Dopo aver osservato il nesso fondamentale fra egemonia, politica e pedagogia,
e dopo essersi lungamente soffermati sulla problematica inerente l'intellettuale
tradizionale e cosmopolita, giungiamo ora all'espressione della piena maturità del
pensiero gramsciano, attraverso la sua riflessione forse più famosa - o che comunque ha
avuto maggior fortuna - quella dell'intellettuale "organico".
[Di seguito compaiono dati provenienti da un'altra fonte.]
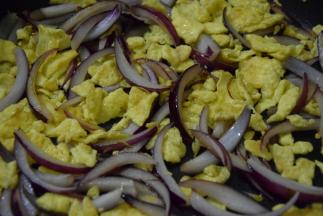 加入鸡蛋块翻炒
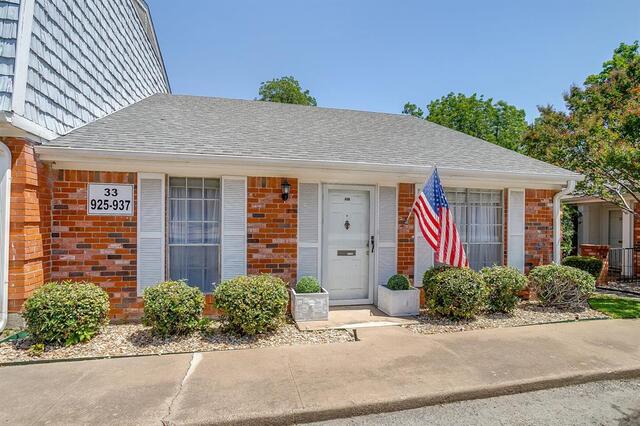 937 Roaring Springs Road, Fort Worth, TX image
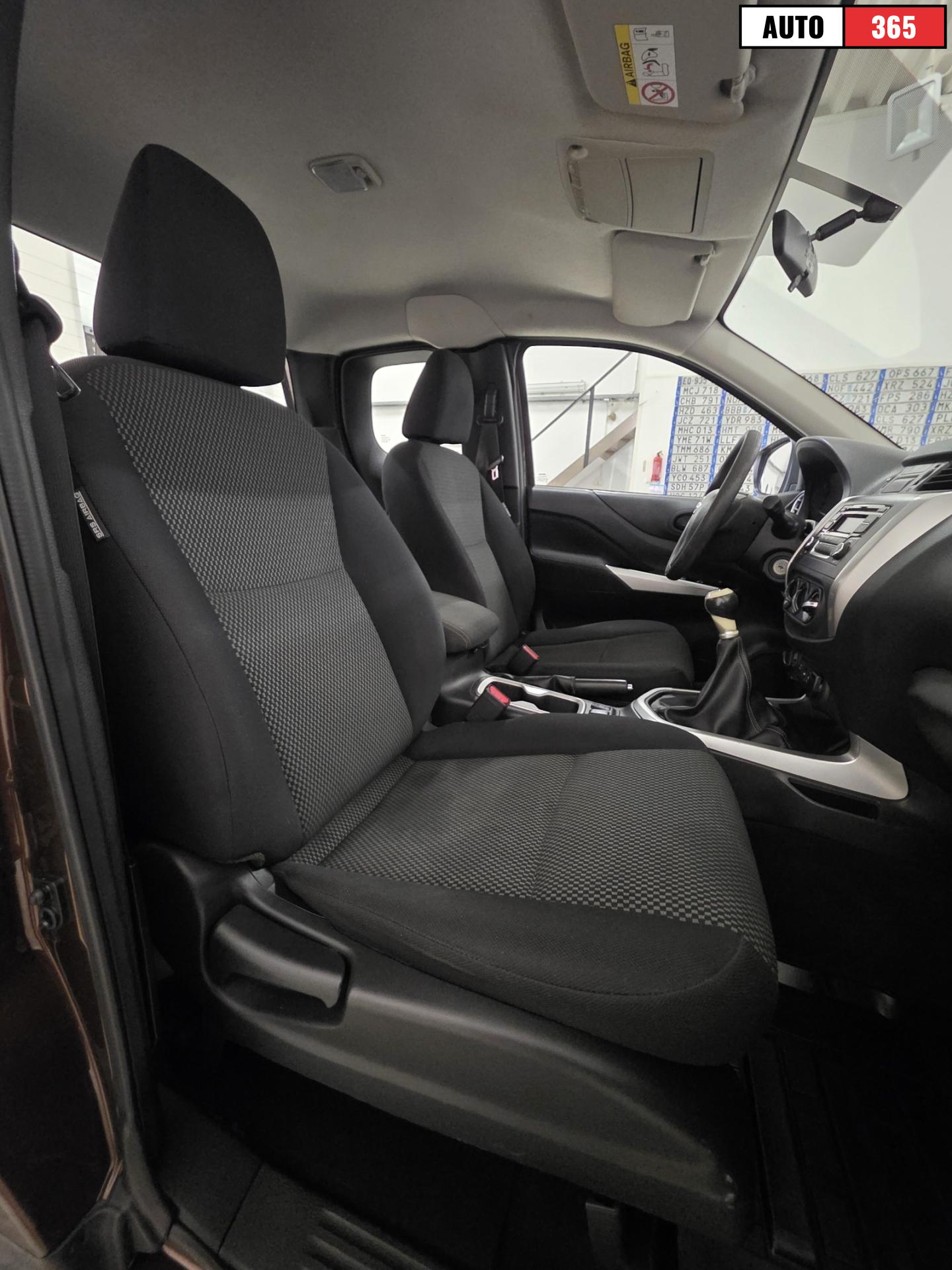 Nissan Navara - Image 8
La profonda scissione tra intellettuali e popolo, denunciata in tanti scritti
da Gramsci, in particolare nel già citato "Alcuni temi della questione
meridionale" (1926), deve ora essere ricomposta e nel tessuto sociale deve operarsi un cambiamento attraverso forze
nuove ed organiche.
E' apparso opportuno avvicinarsi alla tematica dell'intellettuale
"organico" attraverso un duplice approccio, il primo che collega Gramsci ad una
tradizione (e ad una problematica) più propriamente scientifica del termine
"organico", il secondo, più diretto, che parta dalla consueta lettura dei testi
gramsciani.
L'uso del termine "organico"46
lega idealmente Gramsci alla tradizione del pensiero evoluzionistico e, soprattutto,
agli oppositori di tale tradizione; organico è ciò che si contrappone ad inorganico,
privo di vita, in altre parole a ciò che può avere solo una funzione passiva, ma che non
possiede iniziativa né esistenza propria.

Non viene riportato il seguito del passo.